By Dreadnought On The Slipway, our only quibbles are that he doesn't go far enough:
There is a lot of rent seeking in the UK. This is only natural and very understandable in a society where the population is aging and retiring people seek to live off the accumulated assets of their lifetimes. One might say that it is a good and positive thing that large numbers of people have saved enough to have an income in retirement and indeed it might be good, if it were wholly true.
But the fact is that the large numbers of rentiers now retiring from paid work and
hoping to live off their rents have been the most fortunate recipients of inflationary benefits [and transfers of wealth via the tax system] who have ever lived. Their inflationary gains over the years have been simply an accident of demographic, social and financial history. From the point of view of effort expended they are completely undeserving of their fortunate position.
Looked at from the point of view of a thinking, forced renter, and there are many, the situation is completely unacceptable. These people, who are mostly of working age, rightly perceive a future where they will work to pay for the retirement of the current generation without any chance ever to enjoy their good fortune.

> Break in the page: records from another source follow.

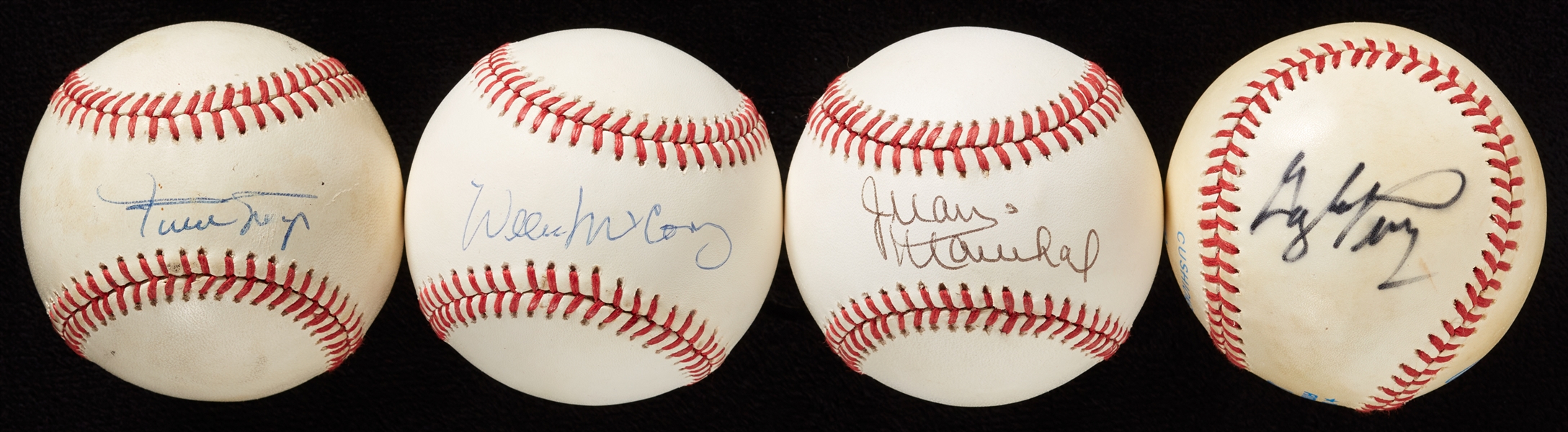 HOFer Single-Signed Baseballs Group with Willie Mays (4)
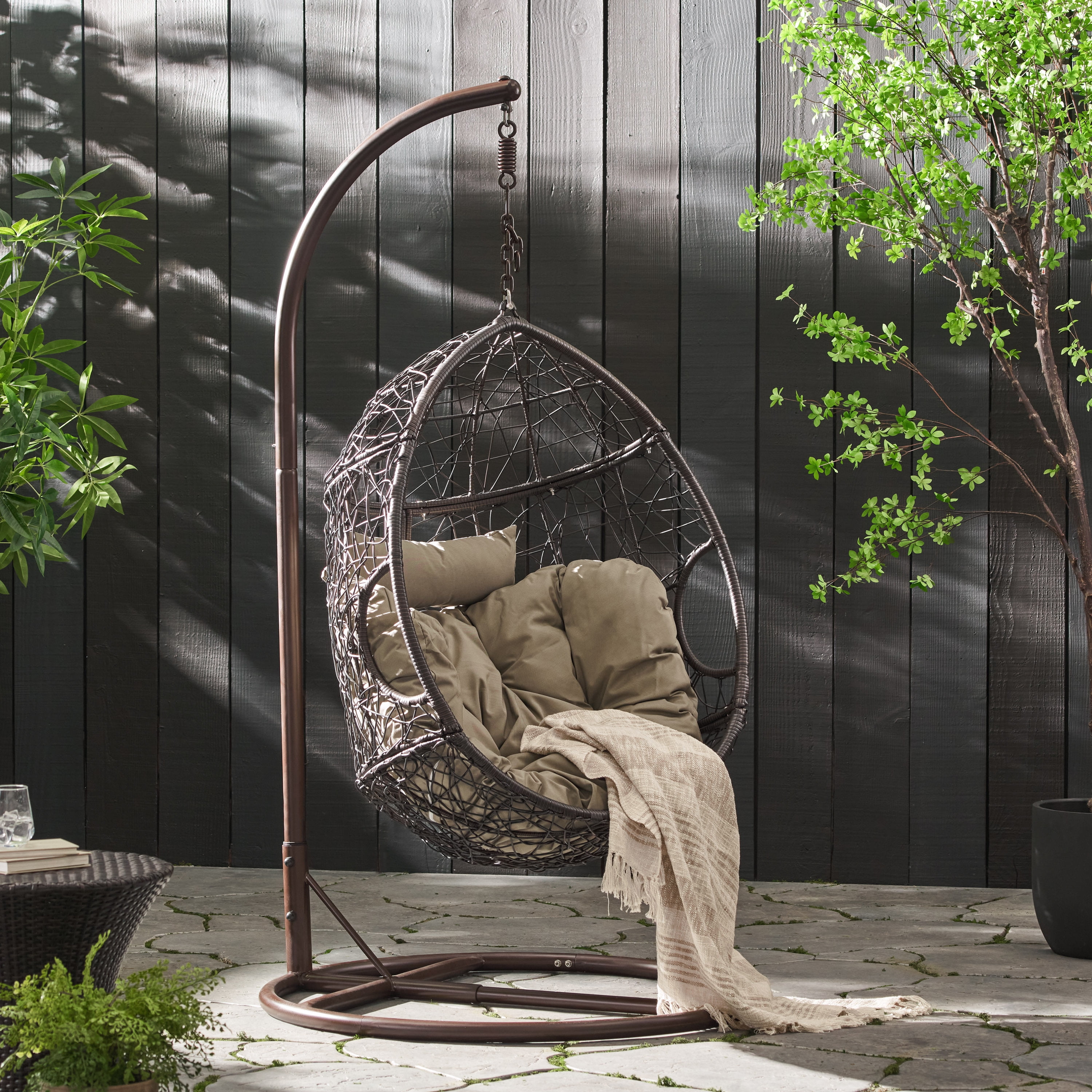 Casey Outdoor Wicker Hanging Basket Chair with Cushions and Iron Base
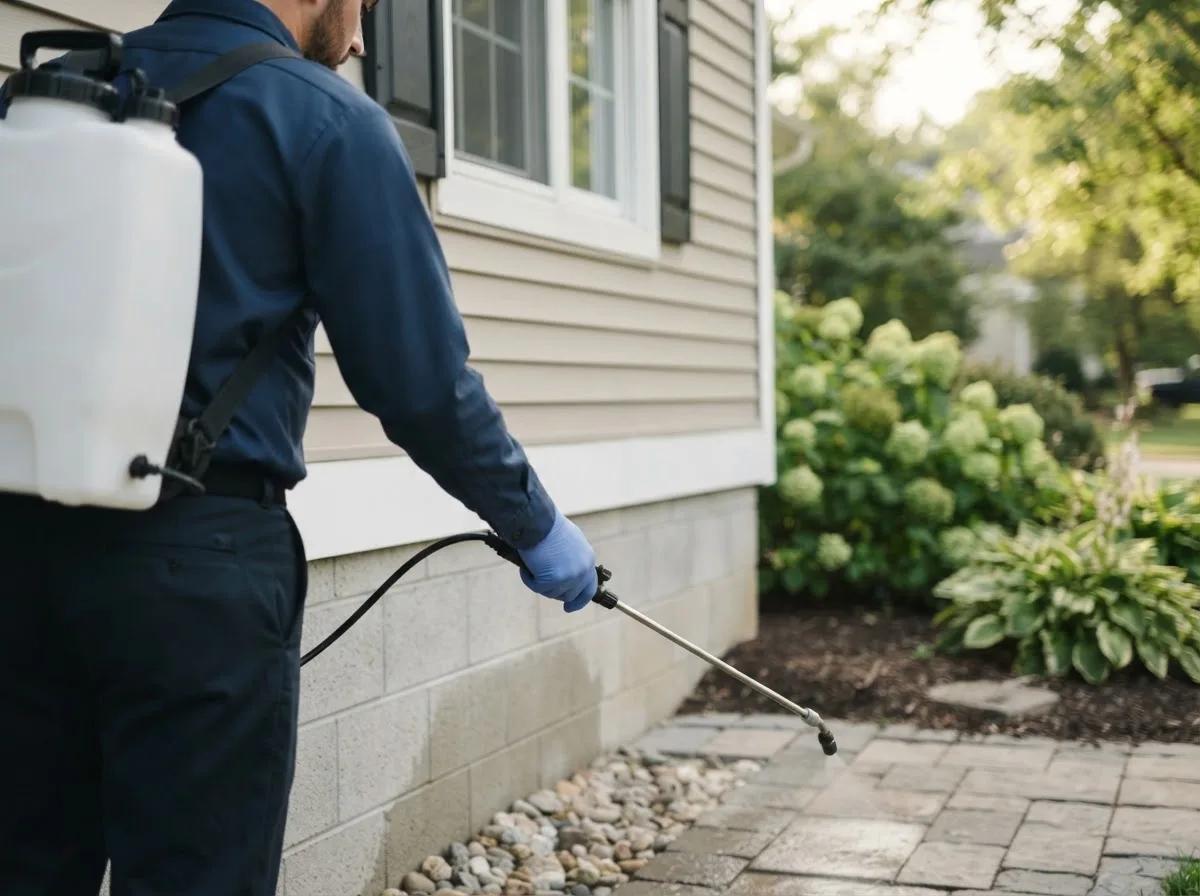 Pest control technician inspecting a home in State Line, IN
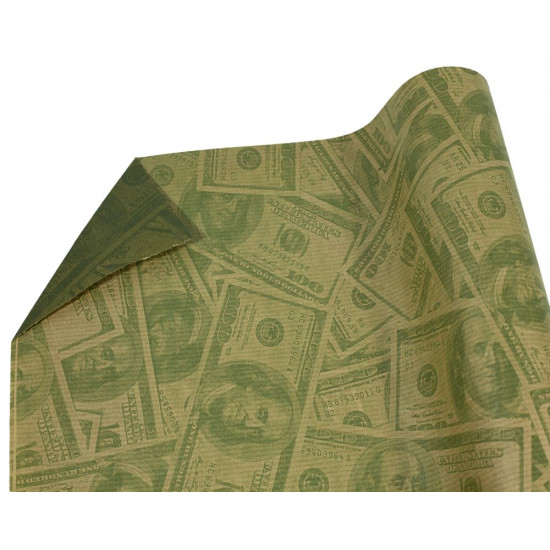 Крафт папір  подарунковий двосторонній "долар" ,  0,7х8м Зелений Unison (Пт 872)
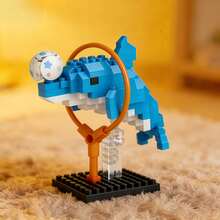 8pcs Micro Particle Building Blocks Cute Animal Theme Toy Series, Adorable Corgi, Owl, Dolphin, Rabbit, Cat And More Animals, DIY Creative Assembly Educational Combination, Suitable For Window Decoration, Living Room Decor, Birthday Holiday/Friend Gift, Parent-Child Interaction To Accompany Child Growth. - Multicolor - View 4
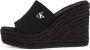 Calvin Klein Sleehakmuiltjes WEDGE ROPE SLIDE MG zomerschoen plateausool vakantie-schoen met bamboe-decoratie - Thumbnail 3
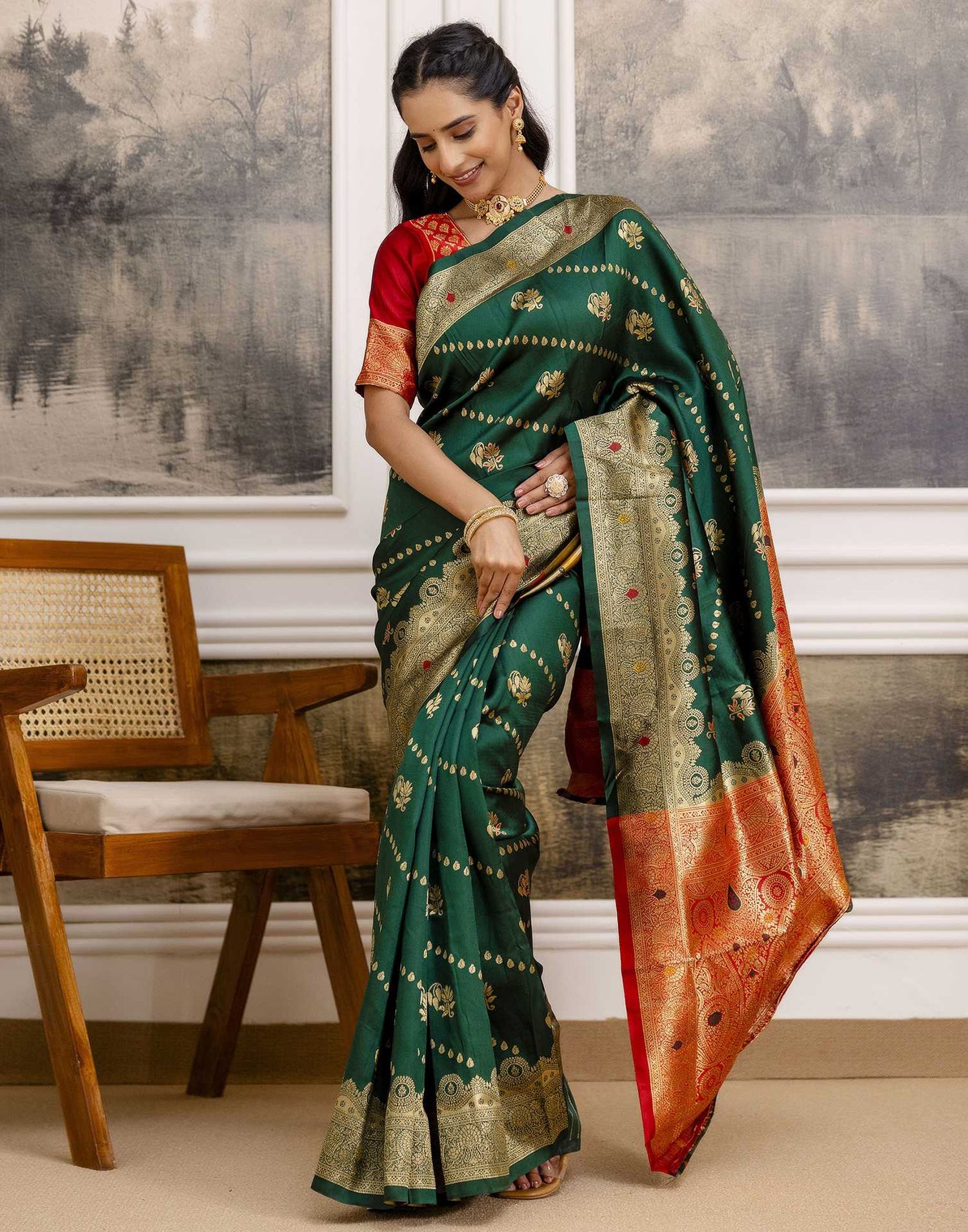 Dark Green Silk Woven Saree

They feel that they will never be able to buy houses because prices are too high, because deposits are too high and because the high rents they pay prevent them saving a deposit anyway.

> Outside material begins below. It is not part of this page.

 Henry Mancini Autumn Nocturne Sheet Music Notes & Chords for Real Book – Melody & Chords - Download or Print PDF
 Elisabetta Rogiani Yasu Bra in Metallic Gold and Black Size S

They see a direct connection between their work and the idleness of others. They have also noticed a further malign historical conjunction. They have to pay student fees that the previous generation did not pay just at the same time as the previous generation needs funds so that they can be looked after in old age.
If this situation is not remedied it will have incendiary social consequences. But what can be done?

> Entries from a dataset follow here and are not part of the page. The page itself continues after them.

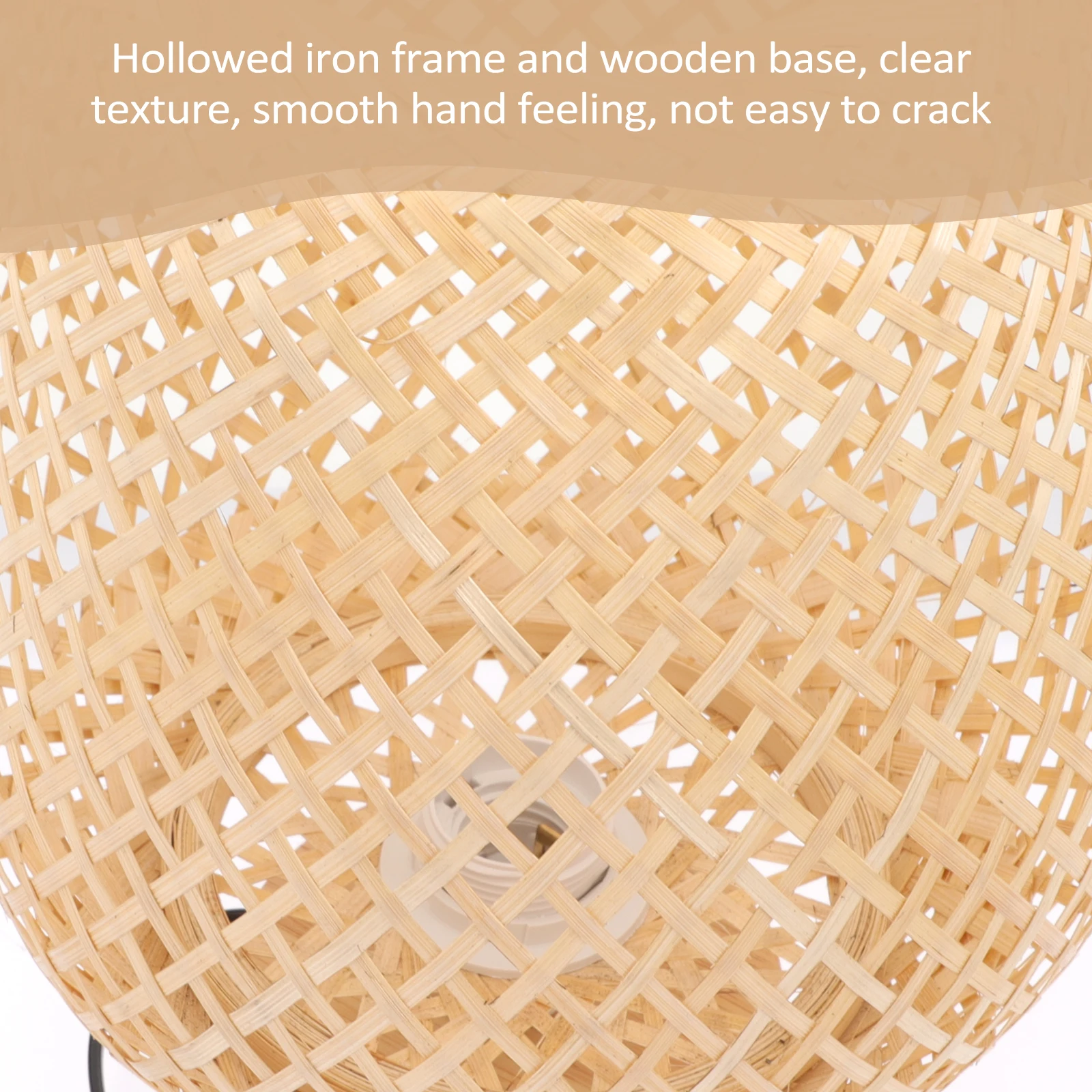 

Bamboo Desk Lamp Handmade Night Light Decorative Lamp For Bedroom Home Office Warm Gentle Light Eu Plug 110V-240V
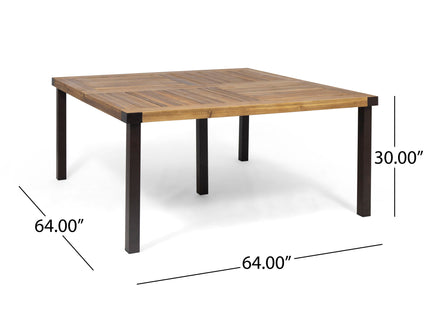 Lankershim - Modern Industrial Dining Table With Acacia Wood Slat Design - Teak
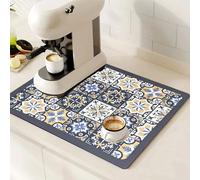 SOQKEEN Alfombrilla Escurreplatos Multifunción 50 x 30 cm - Alfombrilla Absorbente Cocina, Alfombrilla Antideslizante para Cafetera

To diffuse this worsening problem we need more homes and we need more jobs. This can only be done by shifting capital from unproductive sectors to productive ones. If rent seeking is to be made less attractive there is only one simple way to do this and that is to tax rents at a higher level than at present [an even better solution is to tax the rental value of all land, whether owner-occupied, tenanted or vacant/second home]. The resulting revenue should be put to work building homes for use by workers and building and renewing only infrastructure that makes the economy more competitive[and cutting taxes on work, profits and output].
There will be the usual howls from the self-interested that this tax will not produce revenue, that it will have unintended consequences, and that it will not benefit the people it is intended to. In any taxing decision there are risks. I think that if rents are taxed more some property owners will sell. This will increase housing supply for sale and reduce prices. If more houses are built this will provide
jobs, satisfy demand for houses and reduce rents and prices. If infrastructure is improved it means more jobs and the economy will be more competitive.
The capital locked up in property is simply being hoarded [actually there is no capital locked up in 'land', what happens is that income and profits are diverted from the productive economy to the unproductive sector, i.e. land owners]. We have to liberate it and use it for production and growth. It will be painful as the deadwood is culled out of the economy.